ステロイド全身療法により効果不十分であったスティーヴンス・ジョンソン症候群及び中毒性表皮壊死症患者を対象にエンブレル®皮下注の有効性と安全性を評価する多施設共同非盲検単群試験

目的

スティーヴンス・ジョンソン症候群(SJS)及び中毒性 表皮壊死症(TEN)は、全身の皮膚多形紅斑、粘膜傷害と発熱を伴う疾患で、時に死に至る重篤な疾患である。未だ世界的にも致死率が高く 、様々な治療が試されているが予後改善にいたっていない。その中でエタネルセプトの有効性が近年報告され有望な治療薬と期待されているが、未だ保険承認されていない。本研究はステロイド全身療法により効果不十分であったSJS/TEN患者を対象に、エタネルセプト50 mgを週1回投与し、有効性・安全性を検証するものである。
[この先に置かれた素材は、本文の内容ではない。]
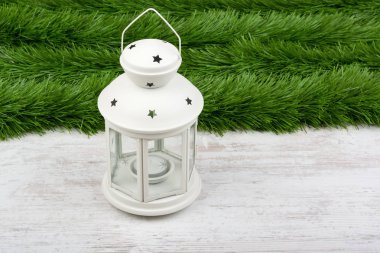 Christmas decoration with lantern on white wooden background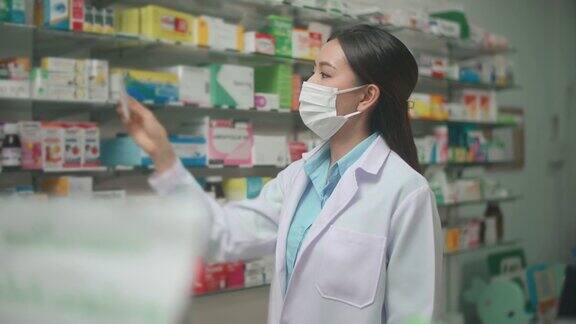 一名亚洲女药剂师戴着防护面具和实验服在现代药店为顾客选择药物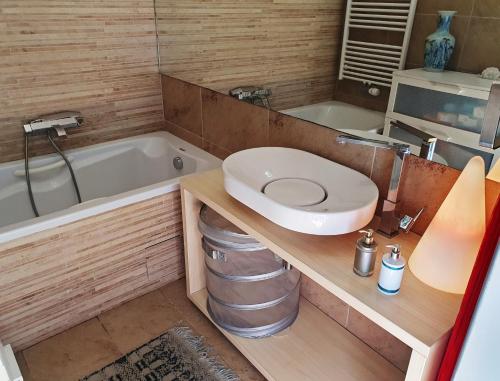 a bathroom with a toilet and a tub and a sink at Bella Vista Lux Apartment with private Terace in Koper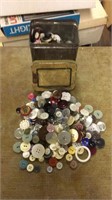 Small tin can full of buttons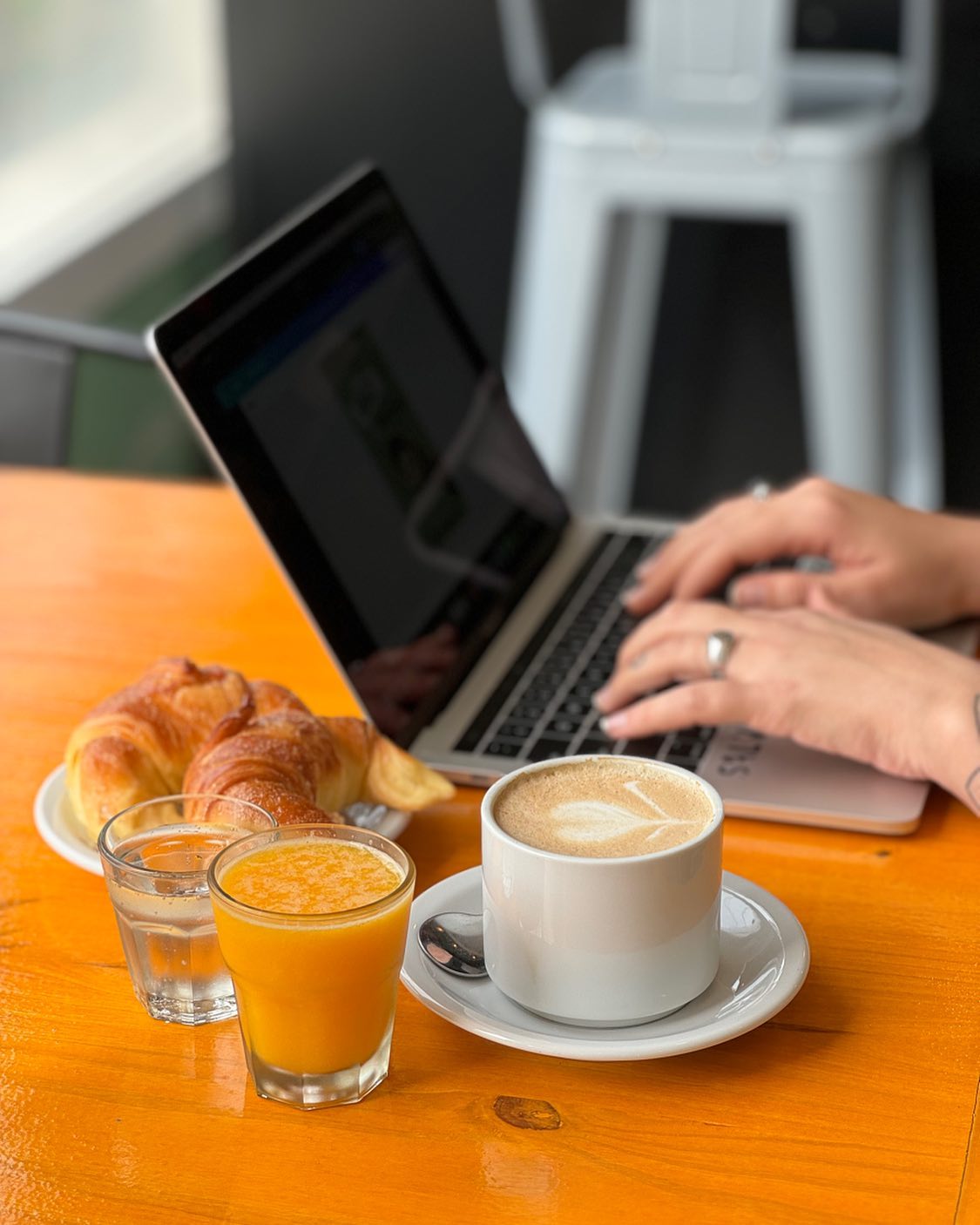 Mesa de coworking con laptop, café y medialunas en Salvatto
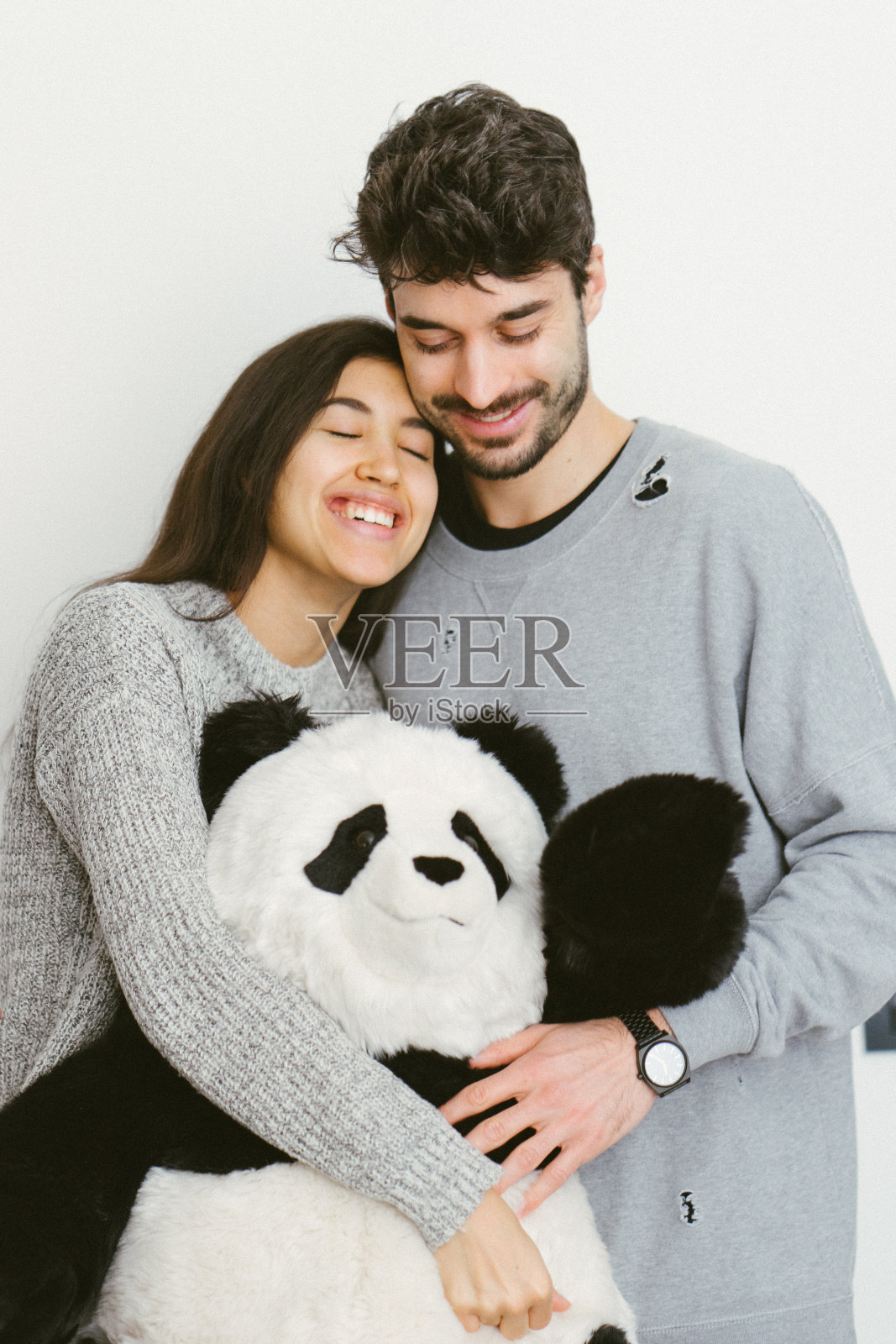 一对幸福的年轻夫妇拥抱着一个柔软的玩具照片摄影图片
有効性・安全性を証明し、本邦でのSJS/TENにおけるエタネルセプトの使用を増やし、SJS/TENの死亡率低下につなげることが目標である

基本情報

募集ステータス
募集前

対象疾患

Stevens-Johnson症候群、中毒性表皮壊死症


治験フェーズ

フェーズ2

参加条件

性別

男性・女性


年齢

20歳 以上上限なし


選択基準

①SJSの診断基準又はTENの診断基準を満たす患者

②ステロイド全身療法(PSL換算20 mg/日以上)が2日以上継続している患者

③今回のSJS/TENに実施された治療が効果不十分で追加治療が必要と判断された患者

④年齢が20歳以上


除外基準

投与前評価時点に、下記のいずれかの基準を満たした者は除外する。

①Day1より2日以内にSSTの投与量が変更された患者(但し、合併症の悪化等で減量が必要な場合は除く)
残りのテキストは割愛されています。